## AIM OF THE TASK
Using the listing that follows, return every line with the word "venda".

━━━━━ DATA FOR PROCESSING ━━━━━

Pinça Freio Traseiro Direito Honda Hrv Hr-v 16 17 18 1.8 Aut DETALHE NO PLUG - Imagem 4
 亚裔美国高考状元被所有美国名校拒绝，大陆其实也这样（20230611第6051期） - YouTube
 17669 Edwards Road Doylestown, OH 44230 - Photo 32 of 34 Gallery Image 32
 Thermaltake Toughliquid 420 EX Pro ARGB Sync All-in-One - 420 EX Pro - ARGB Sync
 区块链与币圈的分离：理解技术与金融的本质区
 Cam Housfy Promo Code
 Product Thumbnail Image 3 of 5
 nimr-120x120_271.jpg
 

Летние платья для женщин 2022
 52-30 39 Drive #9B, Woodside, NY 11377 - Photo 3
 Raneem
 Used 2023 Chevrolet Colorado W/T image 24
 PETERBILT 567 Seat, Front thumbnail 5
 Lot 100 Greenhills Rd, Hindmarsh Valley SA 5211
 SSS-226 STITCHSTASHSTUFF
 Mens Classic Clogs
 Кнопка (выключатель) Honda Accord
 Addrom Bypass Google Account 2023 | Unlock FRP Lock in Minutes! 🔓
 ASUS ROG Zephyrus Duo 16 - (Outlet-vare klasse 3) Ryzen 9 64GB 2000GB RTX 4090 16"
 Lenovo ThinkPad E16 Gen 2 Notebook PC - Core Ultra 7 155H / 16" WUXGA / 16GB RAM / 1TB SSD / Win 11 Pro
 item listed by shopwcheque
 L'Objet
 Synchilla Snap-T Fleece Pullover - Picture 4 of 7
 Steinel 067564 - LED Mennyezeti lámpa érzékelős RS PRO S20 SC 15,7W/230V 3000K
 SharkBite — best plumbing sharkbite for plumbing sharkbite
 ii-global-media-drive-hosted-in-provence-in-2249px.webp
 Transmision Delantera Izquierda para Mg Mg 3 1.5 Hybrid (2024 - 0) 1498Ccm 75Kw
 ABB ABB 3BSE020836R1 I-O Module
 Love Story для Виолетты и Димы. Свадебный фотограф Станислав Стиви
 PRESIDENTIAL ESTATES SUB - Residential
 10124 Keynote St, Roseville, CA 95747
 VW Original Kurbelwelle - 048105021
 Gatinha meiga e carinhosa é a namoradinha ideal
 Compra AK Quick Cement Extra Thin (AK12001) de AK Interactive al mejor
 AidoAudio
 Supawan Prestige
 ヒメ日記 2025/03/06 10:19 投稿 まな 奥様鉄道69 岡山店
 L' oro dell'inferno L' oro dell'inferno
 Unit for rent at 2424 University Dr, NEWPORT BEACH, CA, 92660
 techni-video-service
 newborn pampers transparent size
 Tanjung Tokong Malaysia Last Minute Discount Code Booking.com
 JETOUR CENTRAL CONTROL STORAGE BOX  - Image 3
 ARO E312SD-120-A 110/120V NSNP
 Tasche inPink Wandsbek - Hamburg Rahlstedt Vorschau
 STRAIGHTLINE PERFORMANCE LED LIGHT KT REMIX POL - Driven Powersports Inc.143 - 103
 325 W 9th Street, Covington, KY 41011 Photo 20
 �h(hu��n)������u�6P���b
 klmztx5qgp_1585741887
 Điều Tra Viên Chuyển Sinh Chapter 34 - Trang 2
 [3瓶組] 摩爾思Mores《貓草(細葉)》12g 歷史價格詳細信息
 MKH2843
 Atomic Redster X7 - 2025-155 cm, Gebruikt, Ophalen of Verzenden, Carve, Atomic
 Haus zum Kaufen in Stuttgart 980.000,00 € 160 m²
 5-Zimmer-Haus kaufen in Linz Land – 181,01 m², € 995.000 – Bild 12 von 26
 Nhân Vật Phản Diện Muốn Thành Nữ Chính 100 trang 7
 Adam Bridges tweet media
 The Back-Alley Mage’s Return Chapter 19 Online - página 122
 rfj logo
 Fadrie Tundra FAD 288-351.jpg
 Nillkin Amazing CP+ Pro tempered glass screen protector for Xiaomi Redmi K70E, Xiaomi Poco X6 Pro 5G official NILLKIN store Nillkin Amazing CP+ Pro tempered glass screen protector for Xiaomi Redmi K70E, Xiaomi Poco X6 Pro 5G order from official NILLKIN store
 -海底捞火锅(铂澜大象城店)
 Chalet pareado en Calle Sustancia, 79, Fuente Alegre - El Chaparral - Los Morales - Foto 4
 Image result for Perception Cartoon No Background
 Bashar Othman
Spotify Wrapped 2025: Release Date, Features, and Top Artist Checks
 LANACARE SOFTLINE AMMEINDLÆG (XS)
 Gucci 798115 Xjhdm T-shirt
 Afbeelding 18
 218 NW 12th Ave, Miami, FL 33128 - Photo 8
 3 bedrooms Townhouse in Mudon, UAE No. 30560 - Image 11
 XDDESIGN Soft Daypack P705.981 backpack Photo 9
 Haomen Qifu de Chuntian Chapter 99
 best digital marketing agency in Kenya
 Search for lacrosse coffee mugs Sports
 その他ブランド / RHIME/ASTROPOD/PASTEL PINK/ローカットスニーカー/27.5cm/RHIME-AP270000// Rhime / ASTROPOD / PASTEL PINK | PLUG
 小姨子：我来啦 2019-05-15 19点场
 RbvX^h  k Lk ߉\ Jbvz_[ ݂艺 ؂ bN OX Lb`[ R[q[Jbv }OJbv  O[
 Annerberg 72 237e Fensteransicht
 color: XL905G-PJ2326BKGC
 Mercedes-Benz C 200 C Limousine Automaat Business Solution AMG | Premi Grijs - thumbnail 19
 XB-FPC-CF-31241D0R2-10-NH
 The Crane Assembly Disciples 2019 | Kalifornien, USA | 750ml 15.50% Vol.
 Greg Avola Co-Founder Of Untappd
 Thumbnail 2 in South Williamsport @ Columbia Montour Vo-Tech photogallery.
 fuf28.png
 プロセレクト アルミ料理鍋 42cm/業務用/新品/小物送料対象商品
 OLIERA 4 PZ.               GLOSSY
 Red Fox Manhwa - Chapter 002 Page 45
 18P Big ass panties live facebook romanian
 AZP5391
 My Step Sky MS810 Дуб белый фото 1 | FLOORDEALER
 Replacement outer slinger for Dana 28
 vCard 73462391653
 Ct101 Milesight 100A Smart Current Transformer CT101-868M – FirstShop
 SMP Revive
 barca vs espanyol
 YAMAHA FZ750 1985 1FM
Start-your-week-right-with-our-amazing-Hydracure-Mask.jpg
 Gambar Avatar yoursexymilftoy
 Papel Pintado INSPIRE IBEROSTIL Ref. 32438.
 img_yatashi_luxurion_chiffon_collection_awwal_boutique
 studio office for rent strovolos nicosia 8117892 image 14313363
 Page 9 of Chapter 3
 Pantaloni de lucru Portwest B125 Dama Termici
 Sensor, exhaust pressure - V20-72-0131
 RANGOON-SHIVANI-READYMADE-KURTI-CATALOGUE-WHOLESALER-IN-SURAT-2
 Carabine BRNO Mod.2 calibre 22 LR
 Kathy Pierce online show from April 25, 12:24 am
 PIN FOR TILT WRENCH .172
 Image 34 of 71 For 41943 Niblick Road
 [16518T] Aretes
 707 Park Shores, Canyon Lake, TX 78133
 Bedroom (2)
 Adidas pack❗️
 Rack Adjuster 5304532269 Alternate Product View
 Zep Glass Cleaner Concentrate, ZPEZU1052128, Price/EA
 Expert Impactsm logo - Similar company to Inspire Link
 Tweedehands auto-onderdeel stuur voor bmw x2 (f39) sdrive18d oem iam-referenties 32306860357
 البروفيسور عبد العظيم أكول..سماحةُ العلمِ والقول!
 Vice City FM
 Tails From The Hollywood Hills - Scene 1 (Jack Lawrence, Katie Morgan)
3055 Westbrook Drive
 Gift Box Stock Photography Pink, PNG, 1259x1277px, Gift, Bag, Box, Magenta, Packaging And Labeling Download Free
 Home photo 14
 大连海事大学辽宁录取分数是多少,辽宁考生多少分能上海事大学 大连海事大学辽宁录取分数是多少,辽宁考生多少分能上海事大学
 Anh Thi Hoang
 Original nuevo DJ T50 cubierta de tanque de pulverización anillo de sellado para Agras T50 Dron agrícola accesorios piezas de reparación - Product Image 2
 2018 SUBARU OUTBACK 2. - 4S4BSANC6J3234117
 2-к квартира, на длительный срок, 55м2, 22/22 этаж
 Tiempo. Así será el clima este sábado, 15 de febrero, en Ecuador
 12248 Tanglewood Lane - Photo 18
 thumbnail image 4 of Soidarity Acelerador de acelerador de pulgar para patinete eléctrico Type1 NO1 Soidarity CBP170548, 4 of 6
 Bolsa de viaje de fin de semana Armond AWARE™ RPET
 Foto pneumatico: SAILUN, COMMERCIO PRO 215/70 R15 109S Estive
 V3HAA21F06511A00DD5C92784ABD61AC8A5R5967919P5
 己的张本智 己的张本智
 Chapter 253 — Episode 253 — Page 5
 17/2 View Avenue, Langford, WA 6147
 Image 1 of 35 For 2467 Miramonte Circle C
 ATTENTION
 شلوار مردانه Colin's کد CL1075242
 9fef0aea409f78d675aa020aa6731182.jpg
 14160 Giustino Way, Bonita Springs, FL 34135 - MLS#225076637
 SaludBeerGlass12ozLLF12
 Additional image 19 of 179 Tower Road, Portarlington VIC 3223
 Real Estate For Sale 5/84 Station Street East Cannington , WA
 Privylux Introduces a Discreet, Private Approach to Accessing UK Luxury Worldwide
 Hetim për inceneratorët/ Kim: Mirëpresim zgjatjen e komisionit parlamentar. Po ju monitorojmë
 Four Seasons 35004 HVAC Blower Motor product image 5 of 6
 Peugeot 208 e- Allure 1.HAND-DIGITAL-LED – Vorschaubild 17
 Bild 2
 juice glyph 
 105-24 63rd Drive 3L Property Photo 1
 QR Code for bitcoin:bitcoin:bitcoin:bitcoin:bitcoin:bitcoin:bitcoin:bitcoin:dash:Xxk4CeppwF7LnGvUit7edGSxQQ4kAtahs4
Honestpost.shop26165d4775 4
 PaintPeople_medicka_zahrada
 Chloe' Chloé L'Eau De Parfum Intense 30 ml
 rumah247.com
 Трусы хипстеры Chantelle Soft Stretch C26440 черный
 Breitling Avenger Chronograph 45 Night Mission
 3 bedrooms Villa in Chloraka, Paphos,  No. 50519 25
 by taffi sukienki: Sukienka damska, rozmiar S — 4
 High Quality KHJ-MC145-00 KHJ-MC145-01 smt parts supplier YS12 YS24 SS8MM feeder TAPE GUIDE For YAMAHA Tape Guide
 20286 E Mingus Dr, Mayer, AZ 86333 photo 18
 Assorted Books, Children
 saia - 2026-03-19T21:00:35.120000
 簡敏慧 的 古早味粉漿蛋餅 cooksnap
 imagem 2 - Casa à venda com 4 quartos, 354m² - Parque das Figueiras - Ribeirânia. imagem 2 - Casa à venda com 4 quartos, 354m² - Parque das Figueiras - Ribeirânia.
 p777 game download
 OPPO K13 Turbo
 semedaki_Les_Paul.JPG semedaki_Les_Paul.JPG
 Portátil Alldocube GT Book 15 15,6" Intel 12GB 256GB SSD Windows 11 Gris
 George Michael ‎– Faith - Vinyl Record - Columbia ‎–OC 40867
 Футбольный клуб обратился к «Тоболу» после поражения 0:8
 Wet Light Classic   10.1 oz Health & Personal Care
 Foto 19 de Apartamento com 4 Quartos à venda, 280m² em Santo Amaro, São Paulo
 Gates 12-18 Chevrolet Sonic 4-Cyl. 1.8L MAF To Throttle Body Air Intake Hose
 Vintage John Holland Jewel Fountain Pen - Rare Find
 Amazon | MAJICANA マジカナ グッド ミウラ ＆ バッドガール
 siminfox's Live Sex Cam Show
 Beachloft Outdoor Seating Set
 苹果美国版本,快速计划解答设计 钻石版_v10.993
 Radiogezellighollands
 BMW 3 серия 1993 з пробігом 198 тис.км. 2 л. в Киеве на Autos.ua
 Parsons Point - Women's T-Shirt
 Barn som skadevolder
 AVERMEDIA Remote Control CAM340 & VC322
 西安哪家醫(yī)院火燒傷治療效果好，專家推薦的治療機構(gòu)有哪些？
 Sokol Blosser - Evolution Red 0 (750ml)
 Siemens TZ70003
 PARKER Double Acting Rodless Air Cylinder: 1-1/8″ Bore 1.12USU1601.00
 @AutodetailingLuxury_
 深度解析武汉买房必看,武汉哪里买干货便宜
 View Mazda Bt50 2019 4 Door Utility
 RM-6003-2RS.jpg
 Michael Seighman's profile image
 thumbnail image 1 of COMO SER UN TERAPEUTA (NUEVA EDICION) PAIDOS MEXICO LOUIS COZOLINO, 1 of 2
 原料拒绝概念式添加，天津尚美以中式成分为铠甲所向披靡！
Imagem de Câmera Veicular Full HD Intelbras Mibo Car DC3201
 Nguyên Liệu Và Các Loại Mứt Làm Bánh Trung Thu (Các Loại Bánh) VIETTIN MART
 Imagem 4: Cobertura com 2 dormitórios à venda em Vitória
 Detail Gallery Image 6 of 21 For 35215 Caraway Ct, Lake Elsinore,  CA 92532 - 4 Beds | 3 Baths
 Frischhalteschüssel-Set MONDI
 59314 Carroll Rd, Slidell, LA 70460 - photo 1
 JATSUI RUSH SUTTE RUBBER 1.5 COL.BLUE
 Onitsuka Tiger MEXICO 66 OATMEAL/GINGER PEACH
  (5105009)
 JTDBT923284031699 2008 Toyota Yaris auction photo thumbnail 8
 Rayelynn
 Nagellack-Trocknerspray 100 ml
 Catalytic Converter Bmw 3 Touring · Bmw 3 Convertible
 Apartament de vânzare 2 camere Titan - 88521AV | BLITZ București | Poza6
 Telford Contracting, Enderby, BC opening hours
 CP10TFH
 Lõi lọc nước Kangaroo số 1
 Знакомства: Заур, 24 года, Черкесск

━━━━━

## TASK RESPONSE
 imagem 2 - Casa à venda com 4 quartos, 354m² - Parque das Figueiras - Ribeirânia. imagem 2 - Casa à venda com 4 quartos, 354m² - Parque das Figueiras - Ribeirânia.
 Foto 19 de Apartamento com 4 Quartos à venda, 280m² em Santo Amaro, São Paulo
 Imagem 4: Cobertura com 2 dormitórios à venda em Vitória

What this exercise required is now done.